Nouveau Parti anticapitaliste

Nos vies valent plus que leurs profits

Avortement : nos dirigeants jouent aux cons…titutions

Face à la montée des réactionnaires qui partout dans le monde remettent en question le droit à l’avortement, certains voudraient l’inscrire dans la Constitution. On comprend, bien sûr, l’envie de la part d’associations et de militantes et militants féministes de voir ce droit protégé dans un texte supposément plus pérenne qu’une simple loi. Le fait de reconnaître ce droit comme fondamental constituerait un progrès et ce serait le résultat des mobilisations féministes de ces dernières années, en France et dans le monde.

Mais les calculs politiciens ne sont pas absents chez Macron et son gouvernement qui y voient l’occasion de poser à bon compte en défenseurs des droits des femmes, espérant faire oublier leur très sexiste réforme des retraites, l’absence de mesures réelles contre les violences sexistes et sexuelles, etc.
Et surtout, dans cette société capitaliste, quel peut être l’effet de la constitutionnalisation d’un droit ?

La Constitution, un bout de papier sur lequel s’assoient les politiciens bourgeois

La Constitution de la Ve République a déjà effectivement, dans ses articles, des droits sociaux dignes d’une grande démocratie prenant soin de tous ses membres.
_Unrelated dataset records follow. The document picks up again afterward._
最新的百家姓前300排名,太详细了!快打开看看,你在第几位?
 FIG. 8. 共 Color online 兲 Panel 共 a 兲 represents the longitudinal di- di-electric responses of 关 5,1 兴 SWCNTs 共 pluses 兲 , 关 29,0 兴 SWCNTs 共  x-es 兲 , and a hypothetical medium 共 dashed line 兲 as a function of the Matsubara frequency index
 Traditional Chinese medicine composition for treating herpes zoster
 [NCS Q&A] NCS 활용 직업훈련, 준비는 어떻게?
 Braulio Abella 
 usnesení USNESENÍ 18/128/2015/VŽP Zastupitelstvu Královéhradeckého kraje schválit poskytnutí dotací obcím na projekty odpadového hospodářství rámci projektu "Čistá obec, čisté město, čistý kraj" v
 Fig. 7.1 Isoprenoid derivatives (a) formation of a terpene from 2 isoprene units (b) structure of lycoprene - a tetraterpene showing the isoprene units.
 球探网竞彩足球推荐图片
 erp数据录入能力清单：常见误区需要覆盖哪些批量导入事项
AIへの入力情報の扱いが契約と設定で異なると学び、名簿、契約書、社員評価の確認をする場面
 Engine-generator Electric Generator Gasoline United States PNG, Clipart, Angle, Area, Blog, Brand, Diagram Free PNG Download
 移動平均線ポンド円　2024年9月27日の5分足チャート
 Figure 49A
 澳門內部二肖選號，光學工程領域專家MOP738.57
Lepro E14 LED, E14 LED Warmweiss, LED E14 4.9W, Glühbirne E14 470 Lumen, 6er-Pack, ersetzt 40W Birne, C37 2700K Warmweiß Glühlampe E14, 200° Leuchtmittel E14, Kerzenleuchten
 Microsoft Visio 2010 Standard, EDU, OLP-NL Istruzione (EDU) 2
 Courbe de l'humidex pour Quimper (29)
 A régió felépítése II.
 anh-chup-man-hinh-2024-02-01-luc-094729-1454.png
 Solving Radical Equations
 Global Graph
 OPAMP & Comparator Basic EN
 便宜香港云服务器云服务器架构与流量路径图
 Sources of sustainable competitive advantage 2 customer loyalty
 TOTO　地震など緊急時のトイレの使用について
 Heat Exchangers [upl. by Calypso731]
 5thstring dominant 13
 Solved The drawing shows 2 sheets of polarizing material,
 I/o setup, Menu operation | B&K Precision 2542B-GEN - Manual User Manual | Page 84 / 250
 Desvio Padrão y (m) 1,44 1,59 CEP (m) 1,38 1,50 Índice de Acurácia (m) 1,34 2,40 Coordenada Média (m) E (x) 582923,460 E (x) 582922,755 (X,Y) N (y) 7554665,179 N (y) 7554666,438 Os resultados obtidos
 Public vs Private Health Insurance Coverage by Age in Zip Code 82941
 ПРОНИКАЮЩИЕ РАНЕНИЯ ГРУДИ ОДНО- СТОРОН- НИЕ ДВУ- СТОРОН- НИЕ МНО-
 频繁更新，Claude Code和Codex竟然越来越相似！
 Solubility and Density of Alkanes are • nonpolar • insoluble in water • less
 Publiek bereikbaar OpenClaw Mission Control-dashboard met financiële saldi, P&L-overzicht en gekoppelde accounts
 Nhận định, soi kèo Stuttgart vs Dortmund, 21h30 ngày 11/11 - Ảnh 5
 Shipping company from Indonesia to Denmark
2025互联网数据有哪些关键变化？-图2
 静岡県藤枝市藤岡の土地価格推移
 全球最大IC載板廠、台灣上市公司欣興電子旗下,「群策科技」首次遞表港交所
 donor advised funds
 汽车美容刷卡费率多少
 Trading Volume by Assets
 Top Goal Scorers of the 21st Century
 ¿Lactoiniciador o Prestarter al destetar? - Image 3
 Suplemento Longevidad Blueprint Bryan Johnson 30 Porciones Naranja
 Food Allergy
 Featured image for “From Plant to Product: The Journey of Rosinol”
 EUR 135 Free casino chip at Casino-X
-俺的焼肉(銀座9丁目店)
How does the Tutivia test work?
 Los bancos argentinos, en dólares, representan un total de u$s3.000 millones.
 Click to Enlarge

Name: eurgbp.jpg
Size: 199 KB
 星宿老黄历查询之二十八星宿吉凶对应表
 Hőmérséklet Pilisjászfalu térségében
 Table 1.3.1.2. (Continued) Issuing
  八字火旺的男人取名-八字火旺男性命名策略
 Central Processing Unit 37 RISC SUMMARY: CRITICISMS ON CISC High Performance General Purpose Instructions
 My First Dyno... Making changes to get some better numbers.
On y retrouve pêle-mêle le devoir de la République d’offrir à chacun les conditions de son développement, à commencer par un logement et du travail, l’égalité entre hommes et femmes, la garantie pour toute personne de voir ses besoins assurés s’il est incapable de travailler car trop vieux ou trop malade, la protection des libertés syndicales et du droit de grève… Bref, heureusement que la Constitution est là pour nous épargner l’inégalité salariale, le chômage de masse, la menace de devenir et rester sans-abri, une retraite de misère repoussée toujours plus tard et des allocations aux adultes handicapés trop misérables pour vivre décemment ; ou encore pour nous permettre de faire grève et manifester sans être gazés, tabassés ou arrêtés ! Les belles paroles démocratiques cachent cyniquement la froide réalité d’une dictature de la bourgeoisie prête à toutes les promesses mais qui se renie chaque fois que ses élans d’humanisme vont à l’encontre des intérêts de sa classe. Le droit à l’avortement est bien trop important pour qu’on se satisfasse de son ajout à une liste de promesses quotidiennement trahies. Le droit à l’avortement est bien trop important pour qu’on se satisfasse de son ajout à une liste de promesses quotidiennement trahies.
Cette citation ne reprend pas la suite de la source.